The team spent a year developing the new container engine platform based on Kubernetes, and at the end of 2016, began promoting it within the company. “We wanted the cluster to be the default way for creating services, so scalability is easier,” says Liu. “We talked to developers, interest grew, and we solved problems together.” Some of these problems included networking performance and etcd scalability. “But during the past two years, Kubernetes has become more mature and very stable,” he adds.
Today, the company runs the world’s largest Kubernetes cluster. “We customized Kubernetes and built a modern system on top of it,” says Liu. “This entire ecosystem of Kubernetes plus our own optimizations have helped us save costs and time. We have greater data center efficiency, better managed resources, and smarter deployment with the Kubernetes platform.”

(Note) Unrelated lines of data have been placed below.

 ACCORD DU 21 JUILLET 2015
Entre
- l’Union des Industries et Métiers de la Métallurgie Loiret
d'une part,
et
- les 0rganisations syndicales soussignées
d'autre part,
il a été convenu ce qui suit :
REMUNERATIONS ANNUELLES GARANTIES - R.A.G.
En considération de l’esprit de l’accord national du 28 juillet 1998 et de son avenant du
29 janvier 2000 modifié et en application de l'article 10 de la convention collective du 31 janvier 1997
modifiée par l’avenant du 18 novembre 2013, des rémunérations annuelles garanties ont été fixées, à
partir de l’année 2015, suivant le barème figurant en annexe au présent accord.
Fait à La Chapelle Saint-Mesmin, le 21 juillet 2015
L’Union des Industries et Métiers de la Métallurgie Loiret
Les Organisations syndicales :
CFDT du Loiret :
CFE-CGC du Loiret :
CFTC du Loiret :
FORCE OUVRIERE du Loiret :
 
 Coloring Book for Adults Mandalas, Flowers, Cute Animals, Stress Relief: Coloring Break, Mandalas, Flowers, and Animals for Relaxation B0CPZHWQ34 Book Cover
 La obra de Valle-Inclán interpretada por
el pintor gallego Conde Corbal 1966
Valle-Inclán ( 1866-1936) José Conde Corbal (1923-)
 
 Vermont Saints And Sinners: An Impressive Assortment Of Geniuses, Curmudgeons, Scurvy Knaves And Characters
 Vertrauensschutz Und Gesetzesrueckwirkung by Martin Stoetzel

“Kubernetes helped us reduce the complexity of operations to make distributed systems stable and scalable. Most importantly, we can leverage Kubernetes for scheduling resources to reduce hardware costs. That’s the big win.”— HAIFENG LIU, CHIEF ARCHITECT AT JD.COM
The results are clear: Deployment time went from several hours to tens of seconds. Efficiency has improved by 20-30%, measured in IT costs. But perhaps the best indication of success was the annual Singles Day shopping event, which ran on the Kubernetes platform for the first time in 2018. Over 11 days, transaction volume on JD was $23 billion, and “our e-commerce platforms did great,” says Liu. “Infrastructure led the way to prep for 11.11. We took the approach of predicting volume, emulating the behavior of customers to prepare beforehand, and drilled for malfunctions. Because of Kubernetes’s scalability, we were able to handle an extremely high level of demand.”
JD.com is now in its second stage with Kubernetes: The platform is already stable, scalable, and flexible, so the focus is on how to run things much more efficiently to further reduce costs. With the optimizations the team is working on with resource management, Liu believes there is the potential to save hundreds of millions of dollars a year.

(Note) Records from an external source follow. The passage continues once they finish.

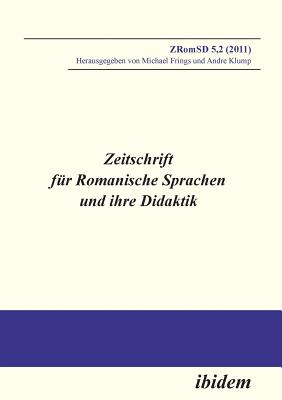 Zeitschrift fr Romanische Sprachen und ihre Didaktik. Heft 5.2 - Frings, Michael (Editor), and Klump, Andre (Editor)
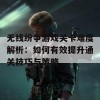 无线纷争游戏关卡难度解析：如何有效提升通关技巧与策略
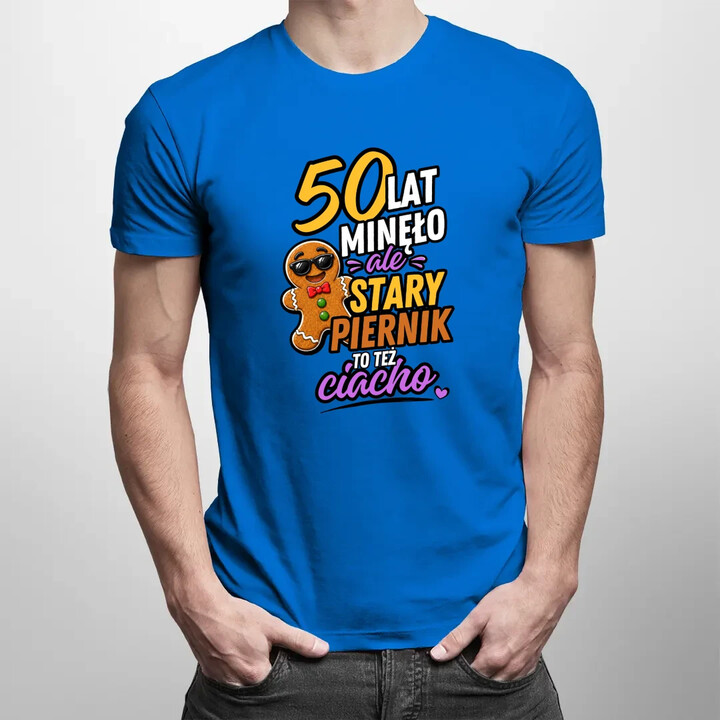 50 lat minęło ale stary piernik to też ciacho  - męska koszulka na prezent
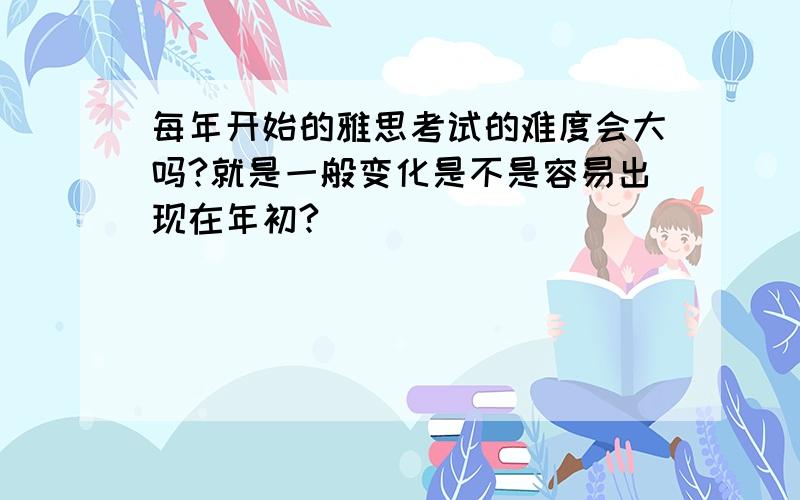 每年开始的雅思考试的难度会大吗?就是一般变化是不是容易出现在年初?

“We run Kubernetes and container clusters on roughly tens of thousands of physical bare metal nodes,” he says. “Using Kubernetes and leveraging our own machine learning pipeline to predict how many resources we need for each application we use, and our own intelligent scaling algorithm, we can improve our resource usage. If we boost the resource usage, for example, by several percent, that means we can reduce huge hardware costs. Then we don’t need that many servers to get that same amount of workload. That can save us a lot of resources.”

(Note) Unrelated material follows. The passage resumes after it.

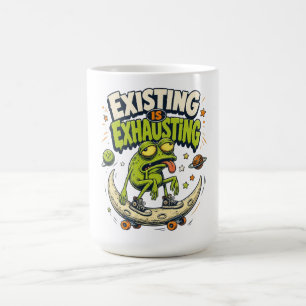Existing Is Exhausting – Weird Frog on Moon, Funny Coffee Mug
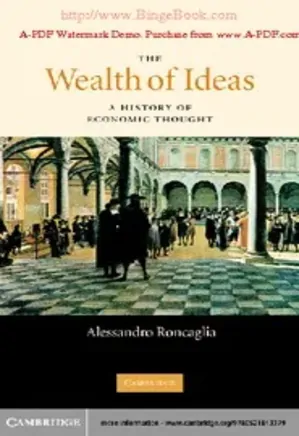 Cambridge University Press - The Wealth of Ideas - A History of Economic Thought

“We customized Kubernetes and built a modern system on top of it. This entire ecosystem of Kubernetes plus our own optimizations have helped us save costs and time.”— HAIFENG LIU, CHIEF ARCHITECT AT JD.COM
JD.com, which won CNCF’s 2018 End User Award, is also using Helm, CNI, Harbor, and Vitess on its platform. JD developers have made considerable contributions to Vitess, the CNCF project for scalable MySQL cluster management, and the company hopes to donate its own project to CNCF in the near future. Community participation is a priority for JD. “We have a good partnership with this community,” says Liu. “We can share our successful experience with the community, and we also receive good feedback from others. So it’s mutually beneficial.”
To that end, Liu offers this advice for other companies considering adopting cloud native technology. “First you need to combine this technology with your own businesses, and the second is you need clear goals,” he says. “You cannot just use the technology because others are using it. You need to consider your own objectives.”
For JD’s objectives, these cloud native technologies have been an ideal fit with the company’s own homegrown innovation. “Kubernetes helped us reduce the complexity of operations to make distributed systems stable and scalable,” says Liu. “Most importantly, we can leverage Kubernetes for scheduling resources to reduce hardware costs. That’s the big win.”